Portland Rain


It is a cold and rainy day today. A perfect day for a nice bowl of chili that has been simmering on the stove. There are times when a nice slow simmer not only brings out the flavor but enhances the experience as the house feels with the delicious comforting smell. Then there are times when a slow simmer has the opposite affect.

Simmering about something someone has said or done to you can cause things to boil over. A simple misunderstanding can lead hurt feelings and anger that could be quickly dissipated if addressed. At one time or another, we all have made mistakes, said something we wish we could take back, and behaved in a way that we wished we hadn’t.

We have hurt someone in some way over the course of our lifetime, sometimes without even realizing we’ve caused pain. Sadly, some injuries run deeper than others, but we have all been there. We have felt a blow and have dealt a blow. Instead of simmering about it and letting something blow up, we should address things in the moment. Try to see the other person’s side. Where are they coming from? Is the baggage they carry around greater than yours? Could we have misunderstood or took something out of context. Did they not say hi because they are  having a bad day, worried about something at home. We tend to take things personal. Did we make them mad? Do something to hurt their feelings?

None of us are immune to misunderstandings, misinterpretations or misrepresentations. I had an experience recently that a felt a coworker was being disrespectful to myself as well as team members during meetings. Cutting them off, dismissing their ideas. After one particular call, I had a few team members call or instant message me asking what her problem was, they were angry at being shut down and felt she was hostile and they felt attacked. We could have continue to and take it personal, hanging up from every call angry, but I felt she was a nice person and wasn’t rude during 1×1 calls. Something was different about group calls.   Was I doing as a facilitator  might be triggering her inappropriate behavior in the meeting? Did she think the junior level attendees shouldn’t make policy decisions?

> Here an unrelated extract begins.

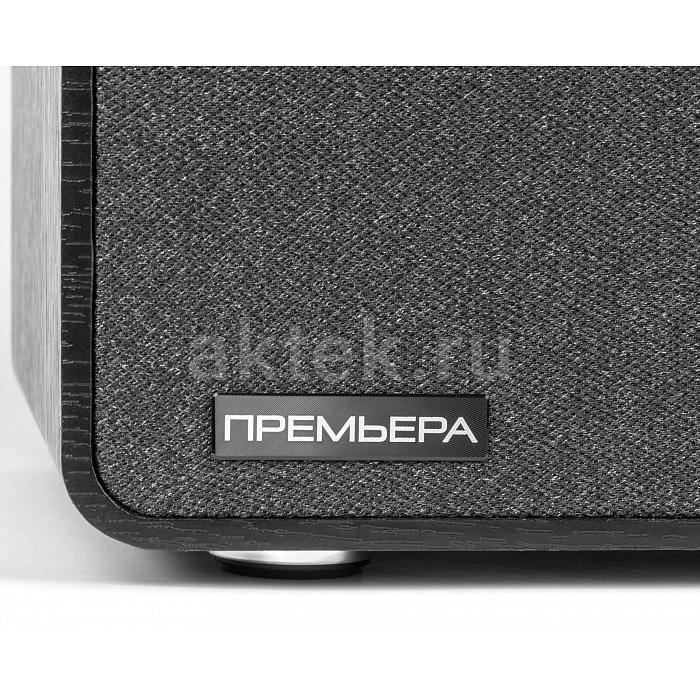 Акустическая система PREMIERA ES-422A BK 6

I had a separate meeting with this person to talk about her behavior and asked if I was doing something as a facilitator that she disagreed with.  I gave her examples of her cutting off junior members of the team, but she always seemed open to listening and sharing ideas with senior members. Her tone would even shift to softer and joking with a senior member to short and biting with a junior member.  She wasn’t surprised and said she heard that a lot and admitted that another coworker would instant message her during meetings to tell her to stand down. My question was if this has been brought to her attention before, why continue the behavior? Response? It is her personality. She is blunt and abrupt, it is her style. She said she never intended for anyone to feel their opinion was not valued. I explained all though it was her natural style it was impacting the collaboration of the team, it was making members afraid to talk. She corrected her behavior and the meetings have shifted.

I guess it is like the old saying don’t go to bed angry. Bring things out in the open. It may be uncomfortable at first, but it is better than letting something simmer building resentment and anger.